Jeff Amy covered both bases with similar stories in both the Pascagoula and Mobile editions of the Press Register. Alabama homeowners, according to Army’s story, have gone from paying 10 percent less than the national average in 2002 to 10 percent more in 2007.
“Satisfied is probably not the right word, but we’re comfortable with where we are compared to the other coastal states,” said Alabama Insurance Commissioner Jim Ridling.
Of course he’s comfortable, look at what happened to the homeowners next door in Mississippi – the State went from paying 13 percent more than the national average in 2002 to paying 24 percent more in 2007.
Mississippi’s not so comfortable Insurance Commissioner Mike Chaney told Amy “Rates are going to continue to go up in Mississippi.”
He puzzled and puzzled till his puzzler was sore. Then the Grinch thought of something he hadn’t before! Maybe everyday doesn’t have to be Christmas for insurers who want higher rates for the shore. Maybe Christmas…perhaps…means zones are no more!
They’re finding out now that no Christmas is coming! They’re just waking up, I know just what they’ll do. Their mouths will hang open a minute or two, then the Whos down in Whoville will all cry, “Boo Hoo.”
We weren’t disappointed in Mr Chaney’s latest one bit here at Slabbed mainly because we knew what our favorite captured insurance regulator would be doing with this latest Farm rate up. The comments in yesterday’s story and today’s Op-Ed about Mr Chaney being a puppet for big insurance pretty much sums up local popular opinion:
You tell your boss you want a 45 percent raise, but you are unwilling to do any extra work to get it. Your boss, fearing the loss of your services, manages to scrape up enough money to offer you a 19.5 percent pay increase and begs you to stay. You take the 19.5, but you make it clear that you are “disappointed” and will do less work.

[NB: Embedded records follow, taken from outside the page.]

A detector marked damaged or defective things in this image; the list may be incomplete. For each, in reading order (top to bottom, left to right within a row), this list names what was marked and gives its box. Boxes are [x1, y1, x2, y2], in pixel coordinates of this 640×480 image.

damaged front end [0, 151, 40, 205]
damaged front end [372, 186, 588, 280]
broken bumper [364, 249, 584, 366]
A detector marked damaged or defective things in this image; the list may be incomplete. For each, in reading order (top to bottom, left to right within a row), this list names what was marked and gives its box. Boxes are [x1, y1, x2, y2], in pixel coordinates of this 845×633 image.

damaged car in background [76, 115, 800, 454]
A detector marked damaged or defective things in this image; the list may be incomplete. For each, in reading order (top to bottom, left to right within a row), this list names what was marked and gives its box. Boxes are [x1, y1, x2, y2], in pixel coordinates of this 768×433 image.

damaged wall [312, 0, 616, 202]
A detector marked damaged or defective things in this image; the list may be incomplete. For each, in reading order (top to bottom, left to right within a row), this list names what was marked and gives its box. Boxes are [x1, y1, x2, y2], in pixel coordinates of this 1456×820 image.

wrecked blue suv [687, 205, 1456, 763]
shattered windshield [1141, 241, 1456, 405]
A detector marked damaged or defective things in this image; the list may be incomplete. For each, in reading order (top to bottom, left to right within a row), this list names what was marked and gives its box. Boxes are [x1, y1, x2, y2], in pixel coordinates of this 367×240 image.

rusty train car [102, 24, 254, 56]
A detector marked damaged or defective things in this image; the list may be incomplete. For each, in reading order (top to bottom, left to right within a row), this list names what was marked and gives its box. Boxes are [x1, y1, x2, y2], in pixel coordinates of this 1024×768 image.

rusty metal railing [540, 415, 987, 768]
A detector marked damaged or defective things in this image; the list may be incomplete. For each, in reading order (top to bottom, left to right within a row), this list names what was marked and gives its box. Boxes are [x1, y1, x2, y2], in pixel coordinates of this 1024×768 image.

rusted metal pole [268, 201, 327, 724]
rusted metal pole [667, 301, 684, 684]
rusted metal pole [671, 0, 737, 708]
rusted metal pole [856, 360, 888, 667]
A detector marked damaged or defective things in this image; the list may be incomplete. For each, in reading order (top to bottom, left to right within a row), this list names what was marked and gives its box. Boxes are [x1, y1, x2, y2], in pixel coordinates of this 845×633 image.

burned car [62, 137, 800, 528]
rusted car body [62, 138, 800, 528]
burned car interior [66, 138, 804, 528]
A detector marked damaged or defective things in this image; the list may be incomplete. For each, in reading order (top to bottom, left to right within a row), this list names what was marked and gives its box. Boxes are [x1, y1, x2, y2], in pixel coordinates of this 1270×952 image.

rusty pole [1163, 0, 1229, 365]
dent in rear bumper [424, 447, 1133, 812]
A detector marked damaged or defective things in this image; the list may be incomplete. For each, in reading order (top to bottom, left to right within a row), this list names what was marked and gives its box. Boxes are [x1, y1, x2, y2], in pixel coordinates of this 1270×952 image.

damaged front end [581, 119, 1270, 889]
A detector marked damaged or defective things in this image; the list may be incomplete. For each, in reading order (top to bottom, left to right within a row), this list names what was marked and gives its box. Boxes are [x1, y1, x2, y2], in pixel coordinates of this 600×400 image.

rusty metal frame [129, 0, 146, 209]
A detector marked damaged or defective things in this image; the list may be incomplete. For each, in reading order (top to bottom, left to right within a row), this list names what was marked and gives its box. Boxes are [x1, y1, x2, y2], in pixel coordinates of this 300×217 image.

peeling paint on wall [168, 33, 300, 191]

Not if you are an insurance company doing business in Mississippi.
Beginning in mid-February, State Farm Fire & Casualty Co. has Mississippi Insurance Commissioner Mike Chaney’s permission to raise homeowner insurance rates 19.5 percent in the three Coast counties. State Farm had asked for a 45 percent rate increase and said it was “disappointed” not to get it.
Long Beach resident Kevin Buckel and United Policyholders executive director Amy Bach to be specific. Kevin’s website details his thus far fruitless pursuit of a statutory Policyholder Bill of Rights for Mississippians. It has been blocked in committee in the Senate by Sen. Eugene “Buck” Clarke, a GOP free market true believer over at the Big Rock Candy Mountain in Jackson.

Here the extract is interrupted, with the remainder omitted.